* **ASSIGNED TASK**
The lines from the beginning of the records below through the one holding "Erdgeschoßwohnung Oldenburg Kreyenbrück" are to be copied exactly; leave the pictures out.

Web page caption snippets

* * * *

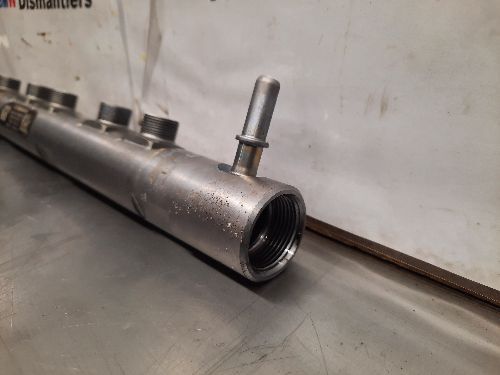 BMW Fuel Injector Rail DIESEL N47N E90 E91 E92 E93 3 SERIES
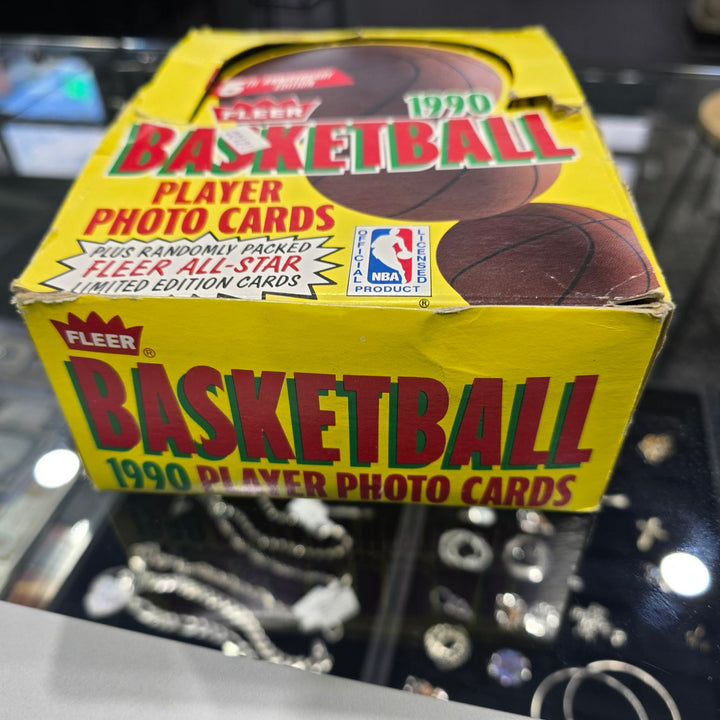 1990 Fleer Basketball Factory Box – 36 Packs – 540 Cards – NBA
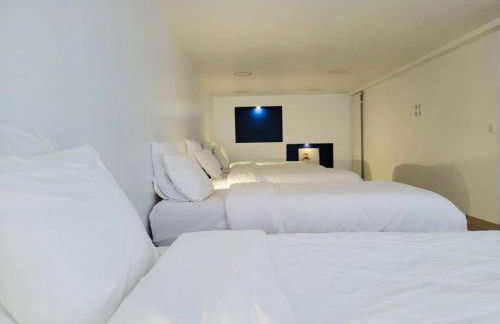 100m2 2 chambres 8 personnes - Grand parking et terrasse privée - Proche CDG-Parc expositions-Paris-Astérix-Disney - Foto 2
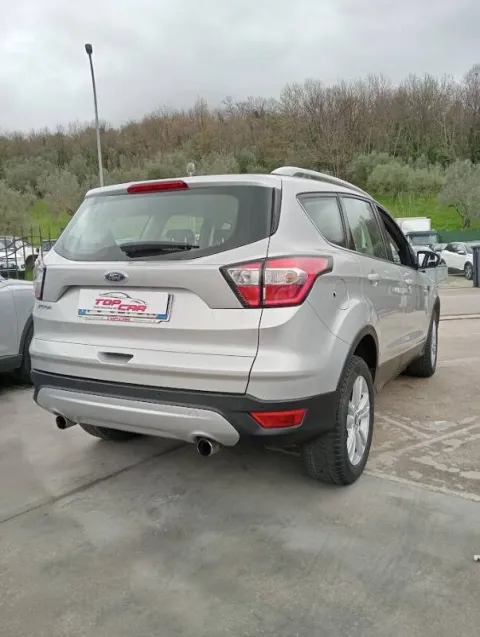 Ford Kuga 2.0 tdci Stealth s&s 2wd 120cv powershift - Immagine 6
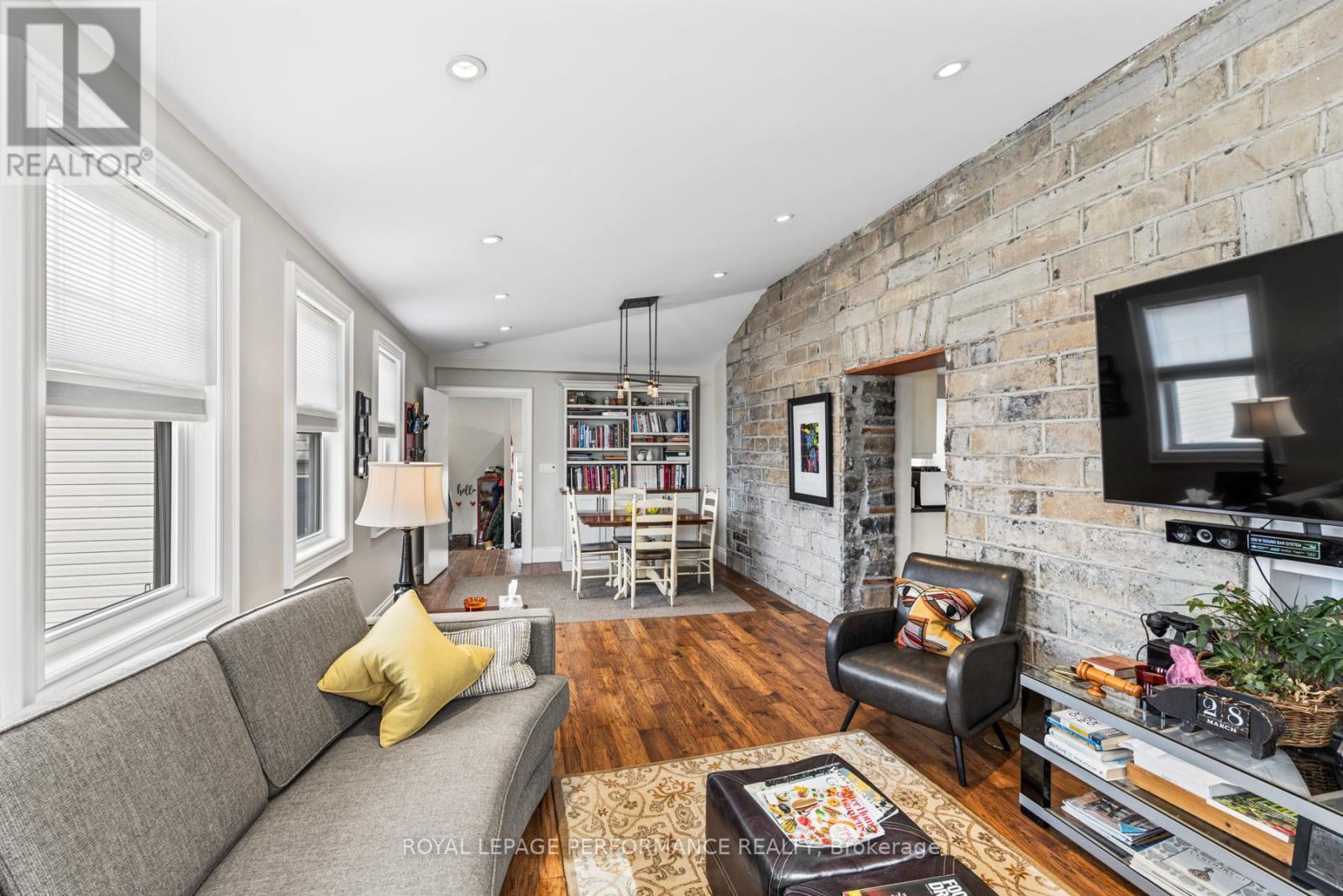 












363 HUFFMAN ROAD

,
Stone Mills (Stone Mills),




Ontario
K0K3N0

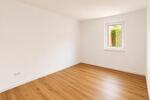 Erdgeschoßwohnung Oldenburg Kreyenbrück - 4 Zimmer, 123 m&sup2;, 1.400&euro; | Angebot:26662376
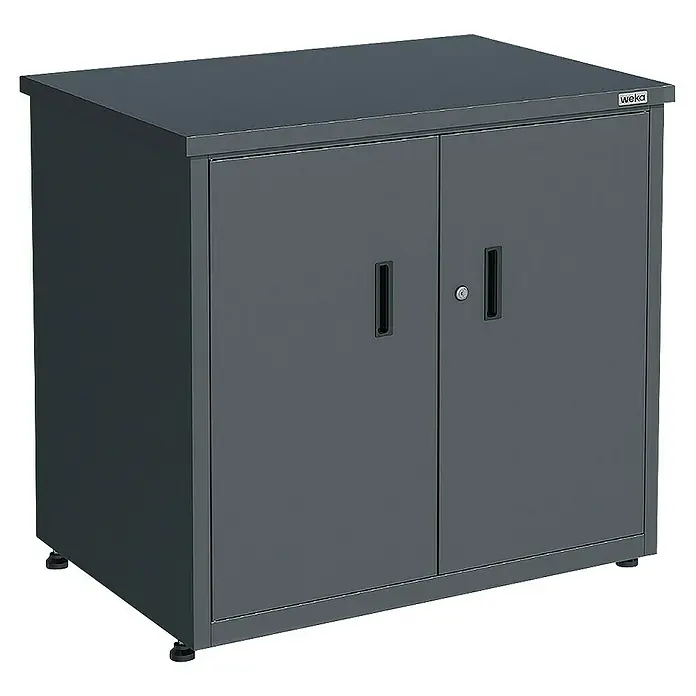 Weka Gartenschrank Gary 1 - L x B x H: 90 x 62 x 85,5 cm, Eisen, Anthrazit - Ein grauer, abschließbarer WEKA Metallschrank mit zwei Türen und Griffen bietet sicheren Stauraum für Werkstatt oder Garage.
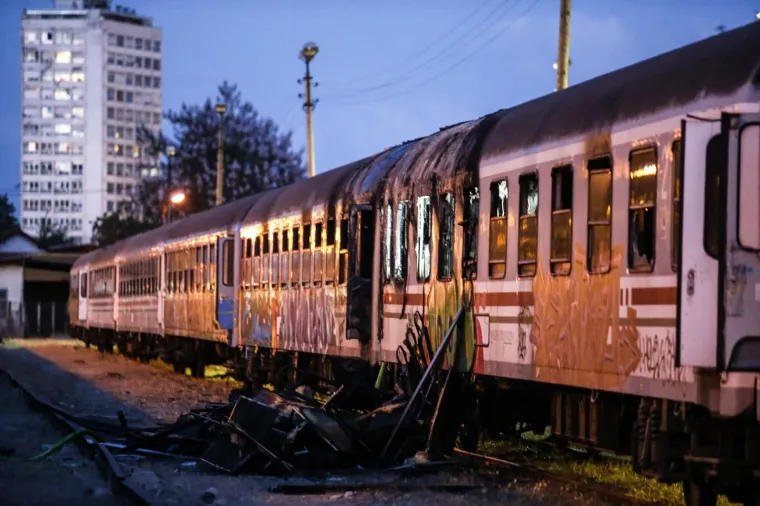 UGAŠEN POŽAR U CENTRU ZAGREBA: Izgorjela su dva vagona vlaka na Glavnom kolodvoru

* * * *

* **EXERCISE SOLUTION**
 BMW Fuel Injector Rail DIESEL N47N E90 E91 E92 E93 3 SERIES
 1990 Fleer Basketball Factory Box – 36 Packs – 540 Cards – NBA
 100m2 2 chambres 8 personnes - Grand parking et terrasse privée - Proche CDG-Parc expositions-Paris-Astérix-Disney - Foto 2
 Ford Kuga 2.0 tdci Stealth s&s 2wd 120cv powershift - Immagine 6












363 HUFFMAN ROAD

,
Stone Mills (Stone Mills),




Ontario
K0K3N0

 Erdgeschoßwohnung Oldenburg Kreyenbrück - 4 Zimmer, 123 m&sup2;, 1.400&euro; | Angebot:26662376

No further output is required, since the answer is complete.